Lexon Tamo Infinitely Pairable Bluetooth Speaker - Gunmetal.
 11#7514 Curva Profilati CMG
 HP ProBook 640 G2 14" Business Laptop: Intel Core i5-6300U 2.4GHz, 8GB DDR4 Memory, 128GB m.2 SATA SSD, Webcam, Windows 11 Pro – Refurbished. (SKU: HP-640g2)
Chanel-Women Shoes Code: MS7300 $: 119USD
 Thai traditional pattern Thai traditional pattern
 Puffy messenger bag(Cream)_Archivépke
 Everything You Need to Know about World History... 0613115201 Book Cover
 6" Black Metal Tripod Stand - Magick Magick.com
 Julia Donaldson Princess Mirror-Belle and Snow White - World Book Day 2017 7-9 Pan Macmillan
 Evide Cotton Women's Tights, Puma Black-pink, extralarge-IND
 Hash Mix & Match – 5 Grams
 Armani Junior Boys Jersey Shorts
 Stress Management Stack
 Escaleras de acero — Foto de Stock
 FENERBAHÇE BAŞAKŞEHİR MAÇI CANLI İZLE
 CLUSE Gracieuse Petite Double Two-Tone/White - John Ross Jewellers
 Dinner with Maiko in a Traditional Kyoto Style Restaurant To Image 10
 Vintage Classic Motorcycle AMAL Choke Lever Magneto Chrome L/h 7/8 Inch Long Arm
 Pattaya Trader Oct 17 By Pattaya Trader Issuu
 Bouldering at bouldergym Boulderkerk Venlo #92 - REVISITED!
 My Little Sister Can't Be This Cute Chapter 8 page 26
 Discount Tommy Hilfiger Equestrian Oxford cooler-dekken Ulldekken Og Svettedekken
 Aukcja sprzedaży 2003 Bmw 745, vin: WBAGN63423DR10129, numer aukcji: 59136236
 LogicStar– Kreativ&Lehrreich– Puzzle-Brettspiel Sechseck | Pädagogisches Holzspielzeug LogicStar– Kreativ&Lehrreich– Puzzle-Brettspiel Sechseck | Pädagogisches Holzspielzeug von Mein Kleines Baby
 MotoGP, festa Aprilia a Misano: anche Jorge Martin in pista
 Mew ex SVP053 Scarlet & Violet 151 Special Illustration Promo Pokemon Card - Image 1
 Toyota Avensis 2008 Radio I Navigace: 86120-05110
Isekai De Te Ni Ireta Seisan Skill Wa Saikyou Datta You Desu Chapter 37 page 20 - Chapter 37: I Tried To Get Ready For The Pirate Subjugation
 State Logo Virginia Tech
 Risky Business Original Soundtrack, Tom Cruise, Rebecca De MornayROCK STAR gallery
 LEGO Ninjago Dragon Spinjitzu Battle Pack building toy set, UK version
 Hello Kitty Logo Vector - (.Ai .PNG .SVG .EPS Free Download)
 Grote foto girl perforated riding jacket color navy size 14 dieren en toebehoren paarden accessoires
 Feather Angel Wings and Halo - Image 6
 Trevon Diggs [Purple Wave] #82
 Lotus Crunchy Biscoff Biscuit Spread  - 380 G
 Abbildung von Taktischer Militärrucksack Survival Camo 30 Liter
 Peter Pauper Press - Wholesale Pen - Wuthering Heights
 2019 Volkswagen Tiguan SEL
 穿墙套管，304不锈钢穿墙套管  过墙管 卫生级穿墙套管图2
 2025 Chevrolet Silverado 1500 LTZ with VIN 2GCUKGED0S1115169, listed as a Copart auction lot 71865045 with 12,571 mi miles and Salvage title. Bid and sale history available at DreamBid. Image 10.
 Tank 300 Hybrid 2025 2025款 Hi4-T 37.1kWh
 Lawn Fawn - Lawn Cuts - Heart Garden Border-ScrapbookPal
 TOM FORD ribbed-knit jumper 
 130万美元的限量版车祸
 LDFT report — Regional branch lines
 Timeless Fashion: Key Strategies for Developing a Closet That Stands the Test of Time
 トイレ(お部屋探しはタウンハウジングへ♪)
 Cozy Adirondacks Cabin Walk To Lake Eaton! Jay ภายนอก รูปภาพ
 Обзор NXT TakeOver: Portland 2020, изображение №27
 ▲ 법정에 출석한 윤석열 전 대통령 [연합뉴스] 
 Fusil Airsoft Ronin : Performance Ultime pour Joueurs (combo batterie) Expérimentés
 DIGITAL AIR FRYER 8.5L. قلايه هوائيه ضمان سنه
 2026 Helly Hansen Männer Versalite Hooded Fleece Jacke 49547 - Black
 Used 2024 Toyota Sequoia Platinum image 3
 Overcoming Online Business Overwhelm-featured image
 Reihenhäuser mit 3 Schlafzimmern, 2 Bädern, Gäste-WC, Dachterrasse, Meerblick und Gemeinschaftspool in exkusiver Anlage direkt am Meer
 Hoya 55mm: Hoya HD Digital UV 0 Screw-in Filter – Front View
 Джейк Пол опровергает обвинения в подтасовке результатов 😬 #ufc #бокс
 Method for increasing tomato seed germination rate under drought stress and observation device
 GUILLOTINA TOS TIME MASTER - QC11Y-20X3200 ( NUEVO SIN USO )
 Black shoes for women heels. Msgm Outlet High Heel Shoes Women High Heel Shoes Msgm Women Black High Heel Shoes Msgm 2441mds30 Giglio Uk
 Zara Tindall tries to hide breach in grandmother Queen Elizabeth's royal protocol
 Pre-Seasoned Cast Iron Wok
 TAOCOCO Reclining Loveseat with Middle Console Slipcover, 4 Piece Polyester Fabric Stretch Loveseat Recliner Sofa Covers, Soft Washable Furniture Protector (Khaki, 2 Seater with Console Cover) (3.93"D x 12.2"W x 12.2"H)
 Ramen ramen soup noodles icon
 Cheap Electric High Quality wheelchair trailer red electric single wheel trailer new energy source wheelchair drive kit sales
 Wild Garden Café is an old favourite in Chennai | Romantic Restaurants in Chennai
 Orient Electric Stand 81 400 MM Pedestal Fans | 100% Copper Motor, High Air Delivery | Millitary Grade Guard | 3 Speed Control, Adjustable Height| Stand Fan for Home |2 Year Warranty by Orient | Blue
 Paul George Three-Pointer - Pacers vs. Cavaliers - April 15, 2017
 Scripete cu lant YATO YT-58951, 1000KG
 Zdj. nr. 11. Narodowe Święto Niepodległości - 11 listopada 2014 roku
******
### WORK TO BE COMPLETED
Return each record exactly as given.

### EXPECTED OUTPUT
Lexon Tamo Infinitely Pairable Bluetooth Speaker - Gunmetal.
 11#7514 Curva Profilati CMG
 HP ProBook 640 G2 14" Business Laptop: Intel Core i5-6300U 2.4GHz, 8GB DDR4 Memory, 128GB m.2 SATA SSD, Webcam, Windows 11 Pro – Refurbished. (SKU: HP-640g2)
Chanel-Women Shoes Code: MS7300 $: 119USD
 Thai traditional pattern Thai traditional pattern
 Puffy messenger bag(Cream)_Archivépke
 Everything You Need to Know about World History... 0613115201 Book Cover
 6" Black Metal Tripod Stand - Magick Magick.com
 Julia Donaldson Princess Mirror-Belle and Snow White - World Book Day 2017 7-9 Pan Macmillan
 Evide Cotton Women's Tights, Puma Black-pink, extralarge-IND
 Hash Mix & Match – 5 Grams
 Armani Junior Boys Jersey Shorts
 Stress Management Stack
 Escaleras de acero — Foto de Stock
 FENERBAHÇE BAŞAKŞEHİR MAÇI CANLI İZLE
 CLUSE Gracieuse Petite Double Two-Tone/White - John Ross Jewellers
 Dinner with Maiko in a Traditional Kyoto Style Restaurant To Image 10
 Vintage Classic Motorcycle AMAL Choke Lever Magneto Chrome L/h 7/8 Inch Long Arm
 Pattaya Trader Oct 17 By Pattaya Trader Issuu
 Bouldering at bouldergym Boulderkerk Venlo #92 - REVISITED!
 My Little Sister Can't Be This Cute Chapter 8 page 26
 Discount Tommy Hilfiger Equestrian Oxford cooler-dekken Ulldekken Og Svettedekken
 Aukcja sprzedaży 2003 Bmw 745, vin: WBAGN63423DR10129, numer aukcji: 59136236
 LogicStar– Kreativ&Lehrreich– Puzzle-Brettspiel Sechseck | Pädagogisches Holzspielzeug LogicStar– Kreativ&Lehrreich– Puzzle-Brettspiel Sechseck | Pädagogisches Holzspielzeug von Mein Kleines Baby
 MotoGP, festa Aprilia a Misano: anche Jorge Martin in pista
 Mew ex SVP053 Scarlet & Violet 151 Special Illustration Promo Pokemon Card - Image 1
 Toyota Avensis 2008 Radio I Navigace: 86120-05110
Isekai De Te Ni Ireta Seisan Skill Wa Saikyou Datta You Desu Chapter 37 page 20 - Chapter 37: I Tried To Get Ready For The Pirate Subjugation
 State Logo Virginia Tech
 Risky Business Original Soundtrack, Tom Cruise, Rebecca De MornayROCK STAR gallery
 LEGO Ninjago Dragon Spinjitzu Battle Pack building toy set, UK version
 Hello Kitty Logo Vector - (.Ai .PNG .SVG .EPS Free Download)
 Grote foto girl perforated riding jacket color navy size 14 dieren en toebehoren paarden accessoires
 Feather Angel Wings and Halo - Image 6
 Trevon Diggs [Purple Wave] #82
 Lotus Crunchy Biscoff Biscuit Spread  - 380 G
 Abbildung von Taktischer Militärrucksack Survival Camo 30 Liter
 Peter Pauper Press - Wholesale Pen - Wuthering Heights
 2019 Volkswagen Tiguan SEL
 穿墙套管，304不锈钢穿墙套管  过墙管 卫生级穿墙套管图2
 2025 Chevrolet Silverado 1500 LTZ with VIN 2GCUKGED0S1115169, listed as a Copart auction lot 71865045 with 12,571 mi miles and Salvage title. Bid and sale history available at DreamBid. Image 10.
 Tank 300 Hybrid 2025 2025款 Hi4-T 37.1kWh
 Lawn Fawn - Lawn Cuts - Heart Garden Border-ScrapbookPal
 TOM FORD ribbed-knit jumper 
 130万美元的限量版车祸
 LDFT report — Regional branch lines
 Timeless Fashion: Key Strategies for Developing a Closet That Stands the Test of Time
 トイレ(お部屋探しはタウンハウジングへ♪)
 Cozy Adirondacks Cabin Walk To Lake Eaton! Jay ภายนอก รูปภาพ
 Обзор NXT TakeOver: Portland 2020, изображение №27
 ▲ 법정에 출석한 윤석열 전 대통령 [연합뉴스] 
 Fusil Airsoft Ronin : Performance Ultime pour Joueurs (combo batterie) Expérimentés
 DIGITAL AIR FRYER 8.5L. قلايه هوائيه ضمان سنه
 2026 Helly Hansen Männer Versalite Hooded Fleece Jacke 49547 - Black
 Used 2024 Toyota Sequoia Platinum image 3
 Overcoming Online Business Overwhelm-featured image
 Reihenhäuser mit 3 Schlafzimmern, 2 Bädern, Gäste-WC, Dachterrasse, Meerblick und Gemeinschaftspool in exkusiver Anlage direkt am Meer
 Hoya 55mm: Hoya HD Digital UV 0 Screw-in Filter – Front View
 Джейк Пол опровергает обвинения в подтасовке результатов 😬 #ufc #бокс
 Method for increasing tomato seed germination rate under drought stress and observation device
 GUILLOTINA TOS TIME MASTER - QC11Y-20X3200 ( NUEVO SIN USO )
 Black shoes for women heels. Msgm Outlet High Heel Shoes Women High Heel Shoes Msgm Women Black High Heel Shoes Msgm 2441mds30 Giglio Uk
 Zara Tindall tries to hide breach in grandmother Queen Elizabeth's royal protocol
 Pre-Seasoned Cast Iron Wok
 TAOCOCO Reclining Loveseat with Middle Console Slipcover, 4 Piece Polyester Fabric Stretch Loveseat Recliner Sofa Covers, Soft Washable Furniture Protector (Khaki, 2 Seater with Console Cover) (3.93"D x 12.2"W x 12.2"H)
 Ramen ramen soup noodles icon
 Cheap Electric High Quality wheelchair trailer red electric single wheel trailer new energy source wheelchair drive kit sales
 Wild Garden Café is an old favourite in Chennai | Romantic Restaurants in Chennai
 Orient Electric Stand 81 400 MM Pedestal Fans | 100% Copper Motor, High Air Delivery | Millitary Grade Guard | 3 Speed Control, Adjustable Height| Stand Fan for Home |2 Year Warranty by Orient | Blue
 Paul George Three-Pointer - Pacers vs. Cavaliers - April 15, 2017
 Scripete cu lant YATO YT-58951, 1000KG
 Zdj. nr. 11. Narodowe Święto Niepodległości - 11 listopada 2014 roku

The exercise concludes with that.